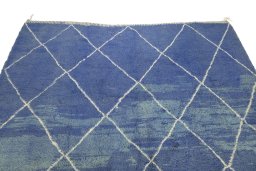 Surface texture of 1980s Morocco rug with natural Wool and intricate pattern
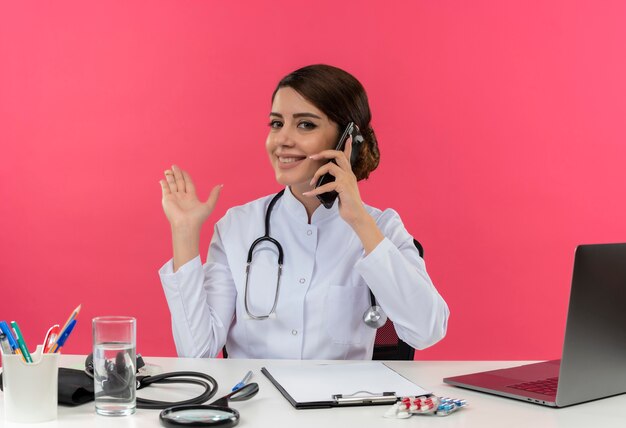 Smiling young female doctor wearing medical robe with stethoscope sitting at desk work on computer with medical tools speaks on phone and points with hand to side on pink wall
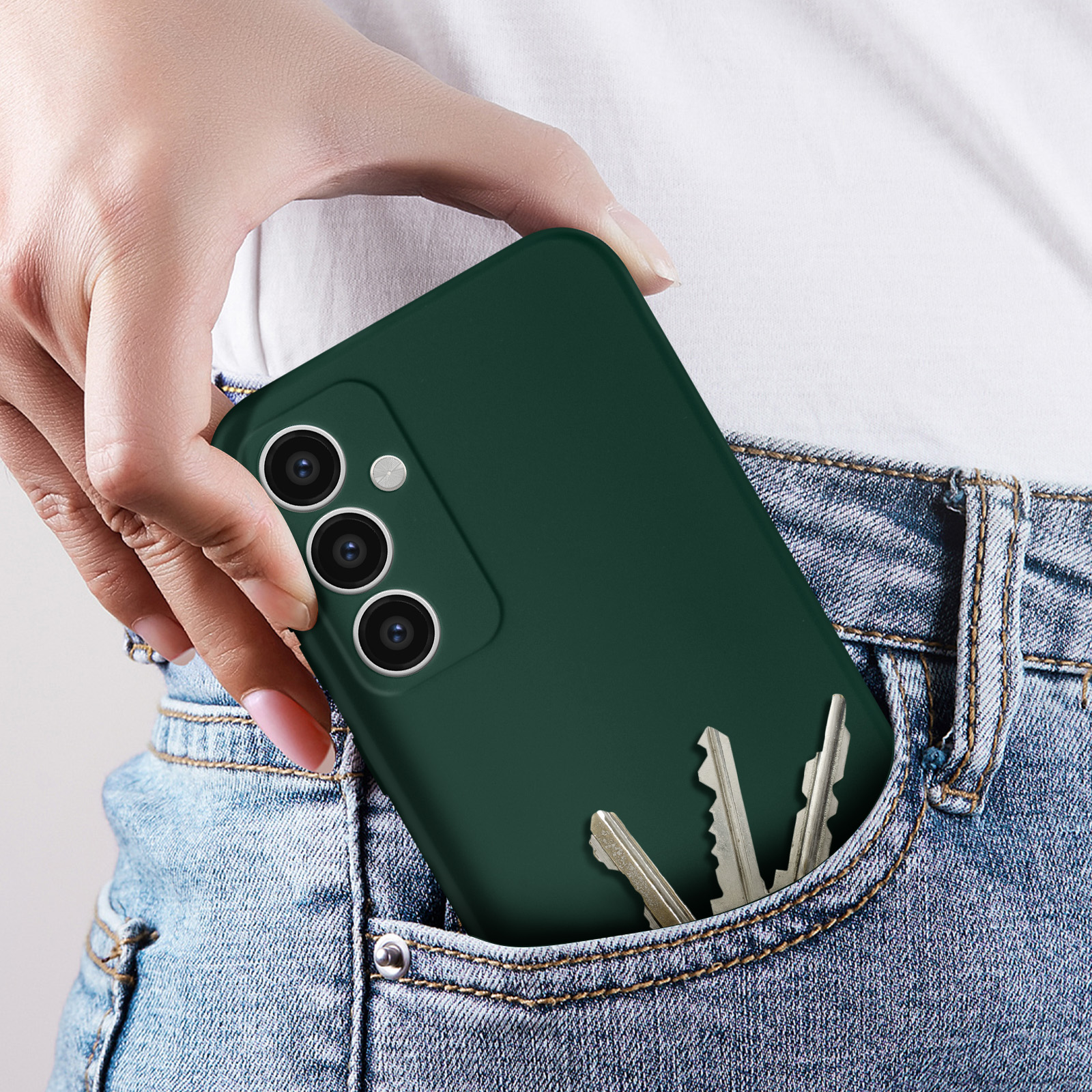 Mano che tiene un telefono in una custodia verde scuro. Le chiavi sono in tasca.
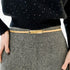 Beach Rose Co. slim gold-tone iron waist belt with a polished rectangular clasp worn over a grey tweed skirt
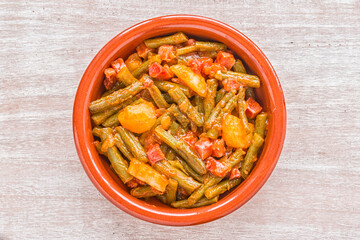 Green bean dish with ham, potato and tomato sauce on a clay plate on a wooden table. Top view.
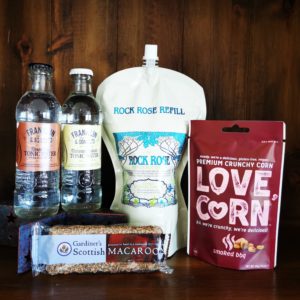 Content of the Refill Rewards Club box for August 2022 including Rock Rose Citrus Coastal edition pouch, tonic waters, Scottish Macarron, smoked barbecue corn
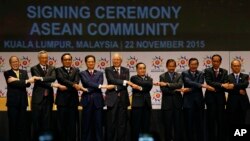 ASEAN leaders from left, Philippine President Benigno Aquino III, Singapore's Prime Minister Lee Hsien Loong, Thai Prime Minister Prayuth Chan-ocha, Vietnam's Prime Minister Nguyen Tan Dung, Malaysia's Prime Minister Najib Razak, Laos' Prime Minister Thongsing Thammavong, Brunei's Sultan Hassanal Bolkiah, Cambodia's Prime Minister Hun Sen, Indonesia's Prime Minister Joko Widodo and Myanmar's President Thein Sein join their hands as they pose for photographers after the signing ceremony of the 2015 Kuala Lumpur Declaration on the Establishment of the Association of Southeast Asian Nations (ASEAN) Community and the Kuala Lumpur Declaration on ASEAN 2025, in Kuala Lumpur, Malaysia, Sunday, Nov. 22, 2015. (AP Photo/Lai Seng Sin)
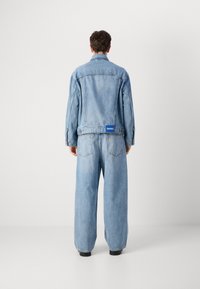 Light blue denim jacket and wide-leg jeans with a blue brand tag on the back. Features a classic collar and visible stitching details.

## Activity:
What is needed is a word-for-word copy of the lines from the start of the data to the line with "Content of the", inclusive, with no pictures in it.

## Completed task:
 Surface texture of 1980s Morocco rug with natural Wool and intricate pattern
 Smiling young female doctor wearing medical robe with stethoscope sitting at desk work on computer with medical tools speaks on phone and points with hand to side on pink wall
 Mano che tiene un telefono in una custodia verde scuro. Le chiavi sono in tasca.
 Beach Rose Co. slim gold-tone iron waist belt with a polished rectangular clasp worn over a grey tweed skirt
 Green bean dish with ham, potato and tomato sauce on a clay plate on a wooden table. Top view.
 Content of the Refill Rewards Club box for August 2022 including Rock Rose Citrus Coastal edition pouch, tonic waters, Scottish Macarron, smoked barbecue corn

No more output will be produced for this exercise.